Problem statement - Using the listing below, give again exactly the lines from the line with "Alien Hydroponics AERO 8 Pot 1 Row Kit" to the line with "2008 KIA OPTIMA", inclusive, without the pictures.

Dataset -
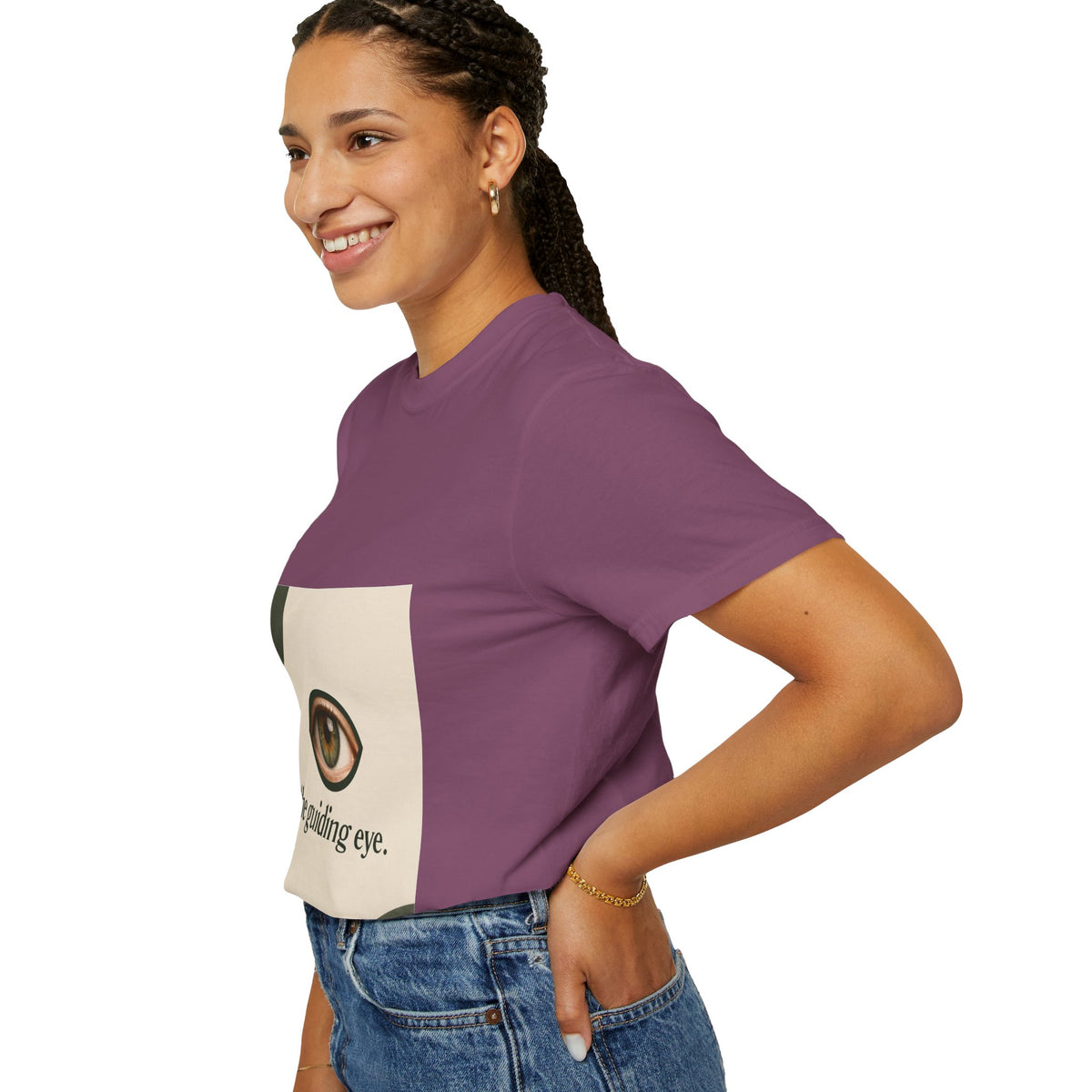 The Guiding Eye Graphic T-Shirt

--

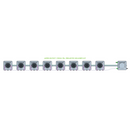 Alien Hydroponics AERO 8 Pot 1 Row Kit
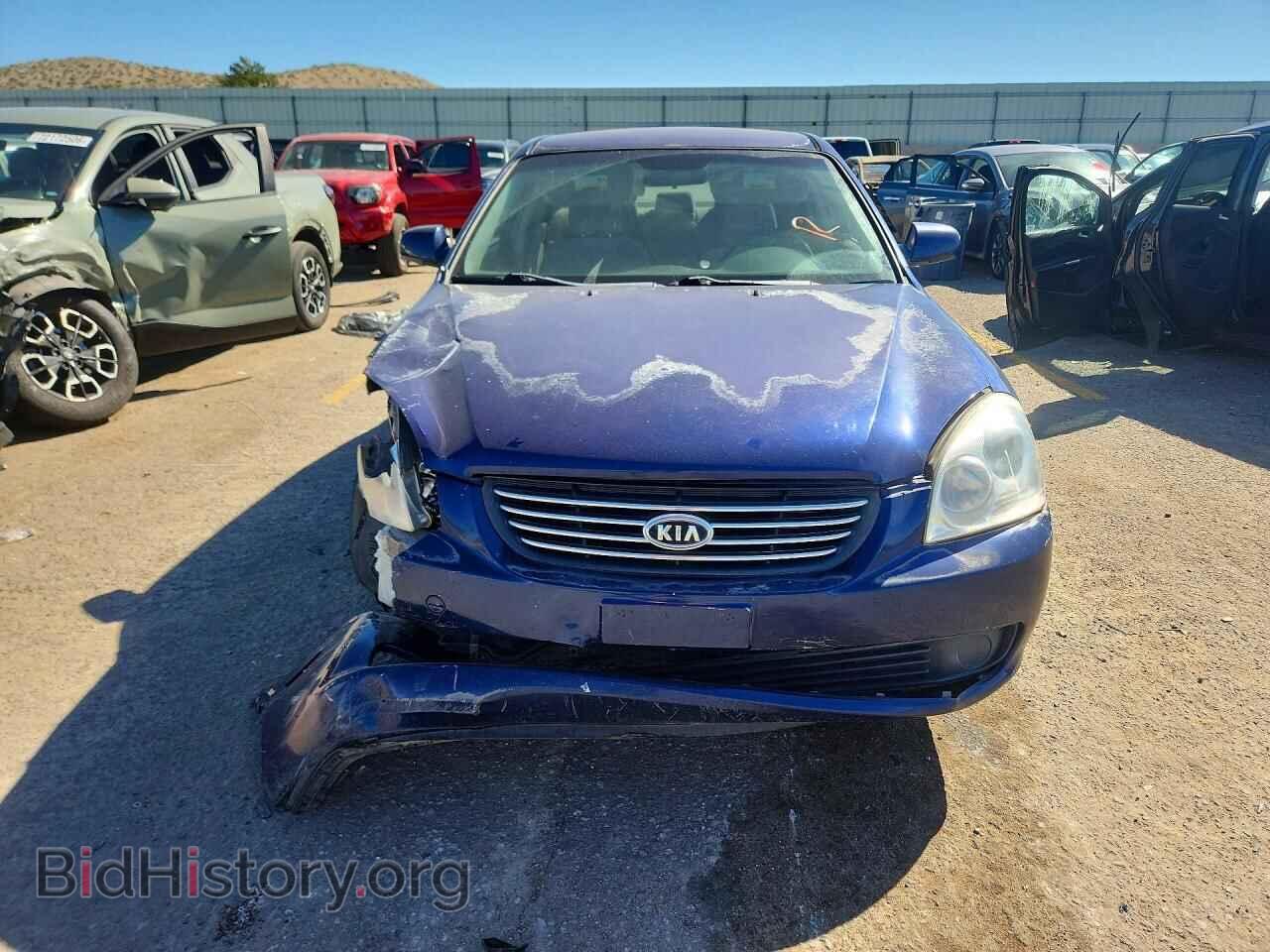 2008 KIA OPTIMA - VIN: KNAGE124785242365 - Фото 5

Answer area -
 Alien Hydroponics AERO 8 Pot 1 Row Kit
 2008 KIA OPTIMA - VIN: KNAGE124785242365 - Фото 5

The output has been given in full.